Romance is the political currency of the independence camp. Seldom do they deviate into reason. They fully anticipate, for example, that following secession they will retain the Canadian dollar, complete with its portrait of the Queen. They imagine they will keep their Canadian passports and their capacity to trade with, and work in, the rest of the Canada. Somehow, as the more withering critics of secession have observed, they imagine that they will acquire independence but still remain part of Canada, that they will have their cake and eat it too.

Canadians who live outside Quebec, having no say over a decision which will critically affect their lives, are frothing with indignation at the prospect of their country being torn apart by a collection of romantic madmen. Such a man, it would seem, is Pierre Martin, a political scientist at the University of Montreal. A zealous separatist, Mr Martin was unable during a two-hour conversation to come up with one coherent practical argument in favour of separation.

A fact he could not dispute was that the French language had been gaining ground in C anada in recent years. Since the Sixties Canada has been an officially bilingual country. French and English are spoke at the national parliament in Ottawa and in Vancouver the labels on cereal boxes must be written partly in French. In Quebec itself, by special dispensation from Ottawa, French is the only official language. By law, all street signs must be in French. Hence in Montreal you see "Rue McTavish" and "Rue Dorchester" alongside "Rue de la Montagne". Five years ago 11,000 road signs bearing the injunction "Stop" were removed and replaced with ones that read "Arret". And besides, for 25 of the last 27 years, the prime ministers of Canada have come from Quebec.

Those with most reason to complain are not the Quebecois minority but the English-speaking majority. Yet, as Mr Martin explained, "le coeur a ses raisons". "I remember when I was a little boy," he said, his voice redolent of the longing and sadness of the Quebec provincial motto, je me souviens. "I remember my mother was driving me around Quebec City. She told me all the houses there had been built after 1760. 'Why are there no older houses?' I asked. 'Because the English burnt them all down,' she said."

The historical event seared into the collective memory of the Quebecois is the Battle of the Plains of Abraham of 1759, when General James Wolfe defeated the French army, under the leadership of the Marquis de Montcalm, paving the way for Britain's accession of the whole of Nouvelle France in 1763.

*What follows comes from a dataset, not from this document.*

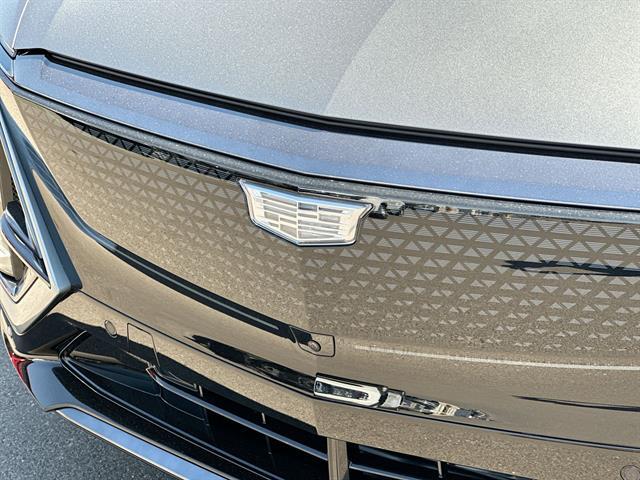 2025 Cadillac LYRIQ Sport w/1SF Tucson AZ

What drives the separatists, as Nelson Wiseman of the University of Toronto explained, is the notion that they will finally undo at the ballot box what was done on the field of battle. Dr Wiseman, in common with most of the inhabitants of the rest of Canada (ROC, as they call it in Quebec) cannot quite believe that the "Oui" vote will prevail. There have been such alarms before, notably in the referendum of 1980, when Quebecers voted by 60 to 40 to remain in the union. But the latest poll result on Friday, which predicts a 51-49 result in favour of secession, is beginning to shake ROC complacency, raising the alarming suspicion that this time, when the Quebecois cry Wolfe, they might mean it.